Comment expliquez-vous cette défiance à l’égard de la justice ?
Nous devons nous demander si la justice n’a pas failli. Nous avons des signaux d’alerte. Les lois sur le renseignement et sur l’état d’urgence ont prévu un contrôle administratif des nouveaux mécanismes très intrusifs pour les libertés publiques. Pourquoi se passe-t-on du juge judiciaire, dont tout le monde convient qu’il est le juge naturel des libertés ? On voit au Parlement des comportements peut-être pas anti-juges, mais en tout cas très réservés sur le fonctionnement judiciaire. Les études d’opinions révèlent que pour 75 % des Français, la justice fonctionne mal. Trois préoccupations principales ressortent : l’indépendance des juges, les délais excessifs des procédures et l’imprévisibilité des décisions.

Que faire face aux doutes exprimés sur l’indépendance des juges ?
Plus de 90 % des juges sont nommés sur initiative gouvernementale. Et je ne parle pas des magistrats du parquet, qui le sont tous. N’y a-t-il pas là un brouillage qui crée une apparence de dépendance à l’égard du pouvoir politique ? Le citoyen peut légitimement se demander en quoi un juge nommé par un ministre peut être indépendant de ce ministre. Dès lors que nous respectons la séparation des pouvoirs, un pouvoir ne devrait pas interagir sur la composition d’un autre.
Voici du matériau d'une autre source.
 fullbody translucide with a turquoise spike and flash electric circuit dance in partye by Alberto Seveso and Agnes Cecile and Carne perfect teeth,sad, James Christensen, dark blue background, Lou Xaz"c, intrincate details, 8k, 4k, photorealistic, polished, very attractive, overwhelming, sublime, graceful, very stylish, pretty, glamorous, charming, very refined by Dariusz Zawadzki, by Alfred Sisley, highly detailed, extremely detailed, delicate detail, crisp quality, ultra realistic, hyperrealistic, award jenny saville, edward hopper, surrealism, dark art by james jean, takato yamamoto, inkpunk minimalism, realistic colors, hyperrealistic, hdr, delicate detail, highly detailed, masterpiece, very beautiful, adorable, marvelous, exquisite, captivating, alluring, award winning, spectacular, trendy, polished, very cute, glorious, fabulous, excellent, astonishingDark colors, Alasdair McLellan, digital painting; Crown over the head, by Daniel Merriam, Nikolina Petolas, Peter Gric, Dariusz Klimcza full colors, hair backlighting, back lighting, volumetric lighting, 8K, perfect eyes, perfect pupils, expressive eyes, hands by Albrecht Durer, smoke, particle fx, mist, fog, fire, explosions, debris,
Pour échapper à cette suspicion, il faut modifier le système de nomination des juges.

C’est une réforme radicale que vous proposez !
Oui. Il faudrait que l’intégralité des magistrats du siège soient nommés à l’initiative du Conseil supérieur de la magistrature (CSM).

La France n’arrive pas à avancer sur la question de l’indépendance du parquet. Cela remet-il en cause l’unité du corps de la magistrature ?
La mission du parquet se rattache-t-elle à la fonction judiciaire ou à la fonction exécutive ? Si la poursuite est une fonction exécutive déterminée par la loi, alors le ministère public ne doit pas être confondu avec l’autorité judiciaire et les magistrats du siège. Nombreux sont les partisans du rattachement du parquet à la chancellerie qui décide la politique pénale, partie de la politique d’un gouvernement. A force de vouloir pérenniser ces liens, on maintient, par le prétexte de l’unité du corps, la magistrature du siège sous dépendance. Il va falloir prendre parti sur ce sujet.

Selon vous, le parquet doit-il rester dans la magistrature ?
Selon la théorie de séparation des pouvoirs de Montesquieu, il n’y a pas de doute : la poursuite, c’est l’exécutif. Dans la Constitution de 1791, les juges ne sont pas mélangés avec les commissaires du roi. Mais il y a une spécificité française avec les magistrats du parquet, qui partagent les mêmes valeurs et la même éthique que les juges. C’est un véritable déchirement de les voir partir du côté de l’exécutif. On préférerait de loin la formule d’un ministère public authentiquement indépendant. On aurait alors un procureur général de la nation, responsable devant le Parlement pour la politique d’action publique de l’Etat. Sortons de l’ambiguïté entretenue par le cordon ombilical qui relie les juges à l’exécutif.